Thread: Huffman code for single character file?

  1. #1
    Carnivore ('-'v) Hunter2's Avatar
    Join Date
    May 2002
    Posts
    2,879

    Huffman code for single character file?

    Hey guys, I'm currently trying to implement huffman compress/decompress functions. They generally work properly, but I've run into a problem: If a file only contains one type of character, say for example 'a', then when I build the tree it will have only one node - the root node - and consequently it will have no code associated with it.
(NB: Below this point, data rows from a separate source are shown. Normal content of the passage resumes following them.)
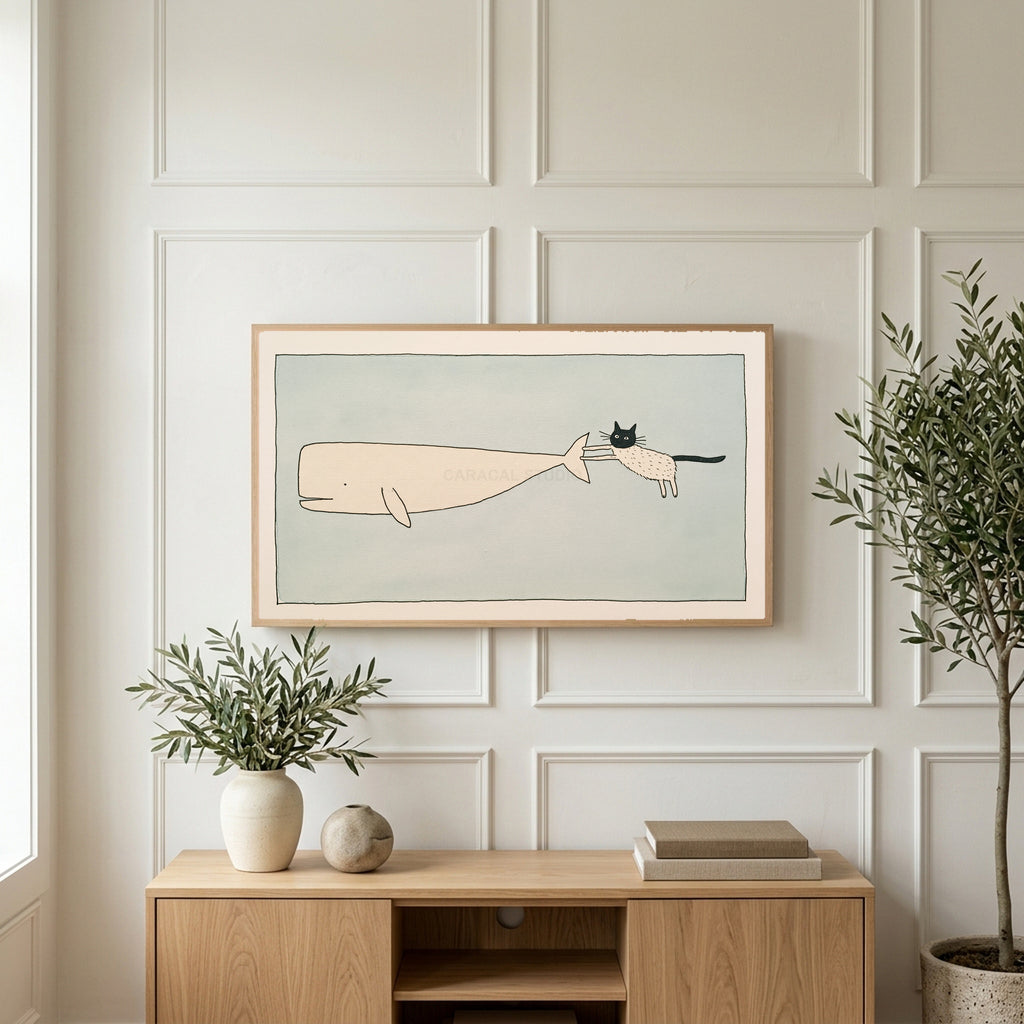Cat and whale art on a TV above a light oak sideboard with olive branches in a bright living room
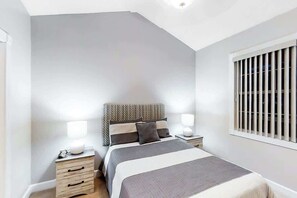 A bedroom with a bed, bedside tables, a window with blinds, and a ceiling light. - Riverwalk Unit 301 Condo (Myrtle Beach)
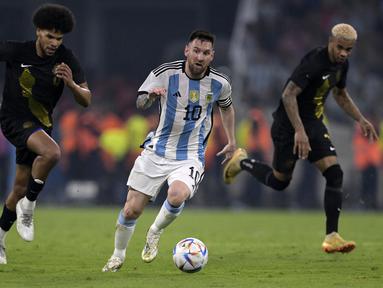 Pemain Timnas Argentina, Lionel Messi menggiring bola melewati pemain Curacao pada laga uji coba internasional yang berlangsung di Stadion Unico Madre de Ciudades, Rabu (29/3/2023) pagi WIB. La Pulga berhasil mencetak hattrick dan membawa timnya menang dengan skor 7-0. (AFP/Juan Mabromata)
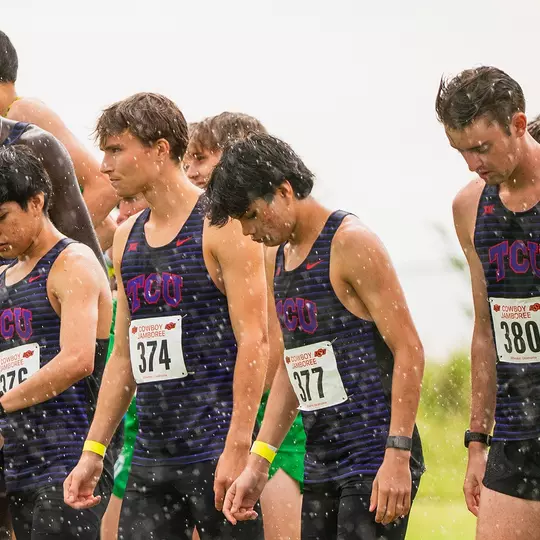 TCU cross country waits at the starting line in the rain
Thus when I write the 'compressed' file, only a frequency table and 'bits in last byte' count are written to file, and when I 'decompress' the file, I end up with an empty file even if the original was say half a gigabyte. Is there any neat solution to this problem without having to resort to special cases (for examples, if root node has no childs, assign it a code of 0)? And also how would the tree be built if the original file was empty to begin with?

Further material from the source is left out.